In this Artist Insights, Ray Kleinlein details how his artistic approach has evolved to today, with a focus on his work with striped shirts.
I first noticed the multi-colored, vertical-striped shirt in 2002, on my honeymoon in Paris. I liked the look but didn’t buy one for myself. Back in the States I became obsessed with finding a striped shirt. It took several years for the style to become popular in America so whenever I found one it was like finding a hidden treasure. I’ve amassed quite an array in the ensuing 18 years. In fact, all the shirts I wear now—short and long sleeved, casual and dress—have stripes. When my daughter, in second grade, brought home a men’s shirt she saw in the lost and found at her school, I asked her why she thought it was mine. She said, “Because it has stripes.” Striped shirts have become an integral part of my identity.
For me there is something pleasing and reassuring about the rhythmic repetition of stripes.
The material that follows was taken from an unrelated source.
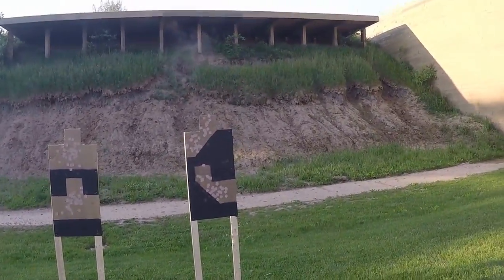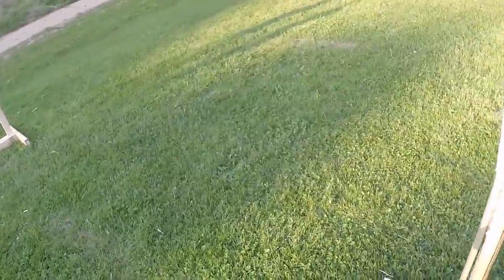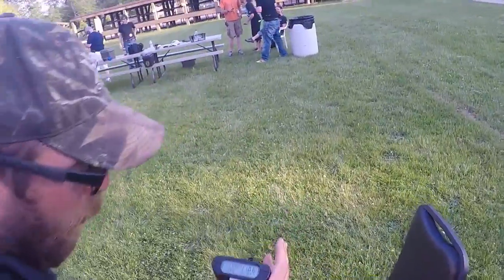Awesome, it finished. Unload, good, slide forward, hammer down, holster. 1.50 seconds for first shot fired, 11.06 for 14 shots. Nice. Three, right?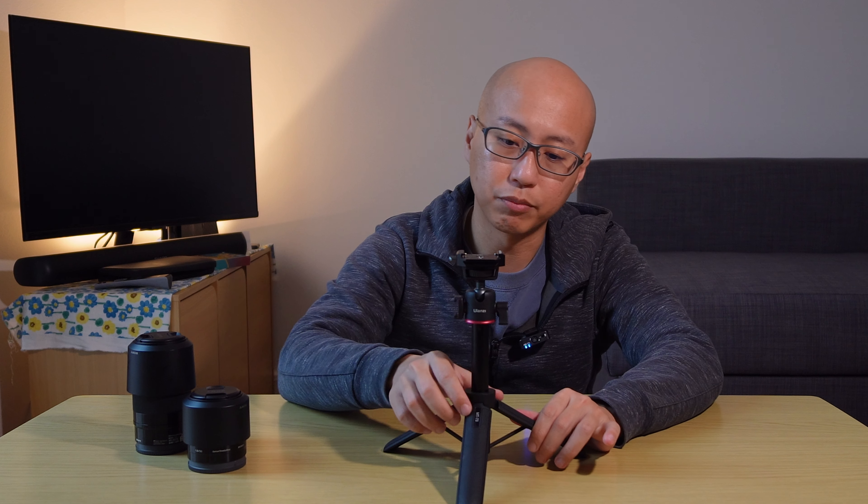To summarize, I believe the MT-73 is really value for money. For the construction, the weight, and the versatility, it will fit into most APS-C shooter workflows. If you're shooting with the 6400 or the ZV-E10, this will match up very nicely with your camera and most of your lenses. Thanks for watching — if you want to find out what other camera gear I bought from Japan, do check out my previous video. If not, do like and subscribe and I'll see you in the next video. Bye!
Within the insistent constancy of the stripe pattern there is the limitless freedom of variations of color, direction, width, etc. Artists who paint stripes like Frank Stella, Bridget Riley, Gene Davis, and Agnes Martin, to name a few, are among my favorites. After describing my admiration of their stripe paintings in graduate school, a professor asked me why I didn’t paint stripes myself. My answer was that I’m a representational painter, not an abstract or minimal painter. I’m an observer who loves the magic that happens when the real world is transformed into a painted image. I paint ordinary objects from the visual landscape of my daily life.
The first time I painted one of my striped shirts was, like most revelations, an epiphany of something that was so obvious. Because I was more interested in painting the stripe pattern than a portrait of a shirt, I decided to ball up the shirt to make it less recognizable as a shirt and more of an abstract sculptural form. The orderly perfection of the stripes became confusing and chaotic. Though I yearn for the serene perfection of Agnes Martin’s stripes, life gives me a crumpled-up shirt on the bedroom floor. In my paintings, however, the shirt is deliberately taken out of its everyday environment and re-contextualized in abstract, minimal space: a quiet, clean, conceptual space intended to invite the viewer to slow down and meditate on the painting, rather than think about the narrative of a crumpled shirt on a floor.
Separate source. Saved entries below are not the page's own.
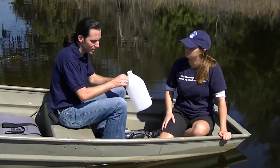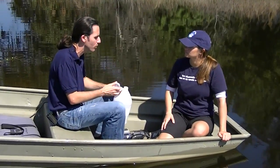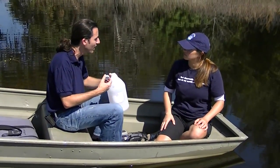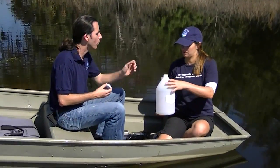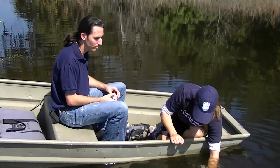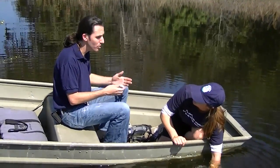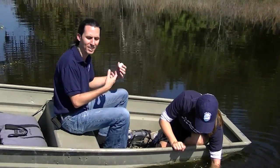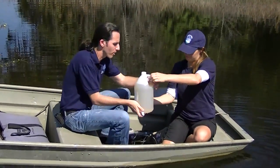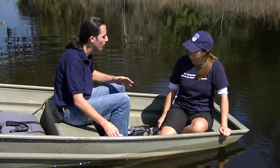We also filter a sample for chlorophyll A, so we have to filter algae out of the water. We have an apparatus to do that, but it's kind of hard to do on a boat when it might be moving. So what we recommend is you just take an empty, clean jug like this and fill it up with water, then take it back. Milk jugs or two-liter bottles are great — anything that didn't contain anything toxic and has been well rinsed so there are no residues that might influence the chemistry. About a gallon should be plenty.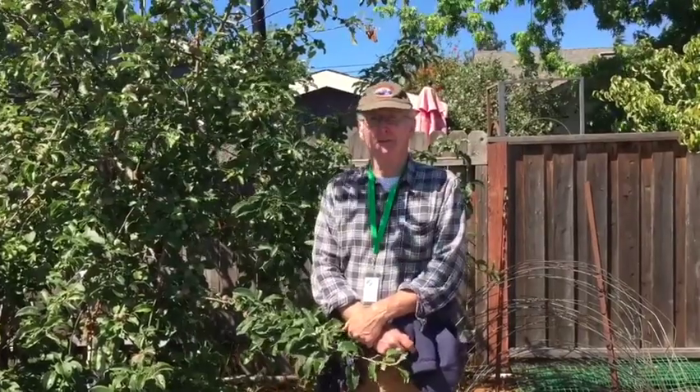Thinning is valuable because the weight — if you don't get the weight down, the limbs will break. It's also a good chance to get rid of coddling moths that are just in their first generation. You can selectively pick those apples out.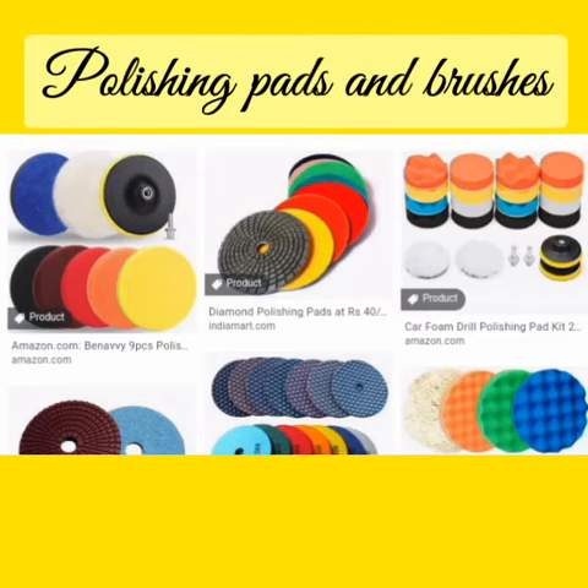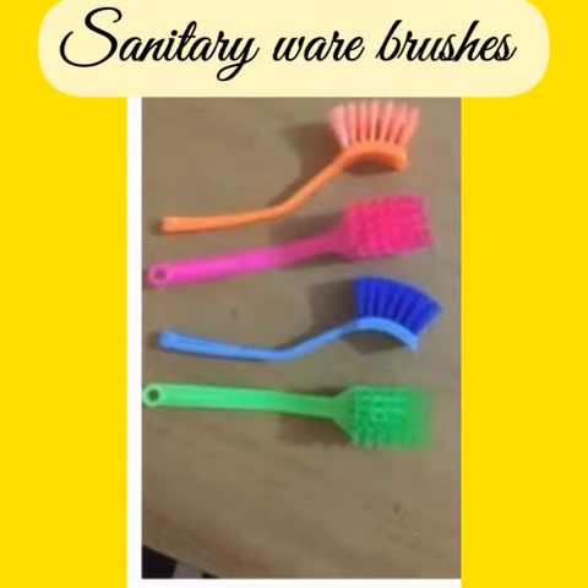3. Polishing pads and brushes: Floor polishers which are hand operated have a single pad. 4. Sanitary ware brushes: These are used to clean sanitary ware.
On my first attempt at painting a crumpled-up shirt I learned, too late, about the effect of gravity on the folds in the fabric which start to sag. So much changed from one day to the next that painting from direct observation only would not work. Consequently, unlike most of my other work, my paintings of shirts are done from a combination of photograph and direct observation. I look at a photograph for the structural form of the shirt. I look at the actual shirt under strong studio lights for the color and light.
As with all my paintings, I do an initial lay-in of color in thin washes to cover the white of the bare canvas. Often this initial lay-in only takes one session, but because the stripe pattern is complicated, for this painting it took several days. And this particular shirt is a bit of an anomaly in my collection of shirts—and my paintings of them—because there are horizontal as well as vertical stripes.
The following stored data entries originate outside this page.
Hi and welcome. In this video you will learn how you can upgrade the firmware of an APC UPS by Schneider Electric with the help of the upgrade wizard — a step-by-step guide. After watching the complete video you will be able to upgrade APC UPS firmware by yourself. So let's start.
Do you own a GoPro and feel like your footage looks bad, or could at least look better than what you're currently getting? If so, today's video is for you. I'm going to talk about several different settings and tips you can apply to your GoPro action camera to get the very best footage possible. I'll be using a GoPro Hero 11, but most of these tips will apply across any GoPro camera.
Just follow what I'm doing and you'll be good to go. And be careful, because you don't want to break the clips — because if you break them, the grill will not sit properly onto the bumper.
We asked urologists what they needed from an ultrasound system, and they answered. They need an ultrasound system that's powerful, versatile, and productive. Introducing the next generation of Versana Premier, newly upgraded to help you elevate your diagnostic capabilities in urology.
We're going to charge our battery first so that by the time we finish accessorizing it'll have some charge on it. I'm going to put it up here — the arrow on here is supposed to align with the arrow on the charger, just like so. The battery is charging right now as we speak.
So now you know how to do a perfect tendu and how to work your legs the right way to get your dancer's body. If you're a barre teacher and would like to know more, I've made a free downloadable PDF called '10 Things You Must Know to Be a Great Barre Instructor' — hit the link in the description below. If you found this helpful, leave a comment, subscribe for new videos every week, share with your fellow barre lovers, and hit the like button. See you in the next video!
After the initial lay-in, I repaint the entire canvas in a thick impasto. Reproduced in small images my work often looks more illusionistic or “trompe l’oeil” that it actually is. I want the viewer to see that they are looking paint dragged around by a brush manipulated by a human hand. Brushstrokes and globs of dried paint are left visible. The lines of the stripes are not perfect. The lettering of the label is just suggested.
I may repaint the entire canvas several times trying to get the light and color just right. I say “right” rather than “accurate” because although my work is based in reality and direct observation, my goal is not a faithful mimesis of reality. My goal is a work of art that is both a convincing representation of reality as well as a compelling abstract arrangement of light, color, and form. I take liberties with light and color to achieve this sense of “rightness.” As the painting progresses, I look less and less at the shirt on the table in front of me and more and more at the painting itself.
The title of this painting is “Blue and Orange Stripes” and not “Crumpled Shirt” because I’m less concerned with the object, the shirt, and more concerned with light, color, and composition. These are the same concerns as those of the abstract and minimal painters of stripes like Gene Davis and the others I mentioned earlier. So, I too make stripe paintings and have become an abstract painter as well as a representational one.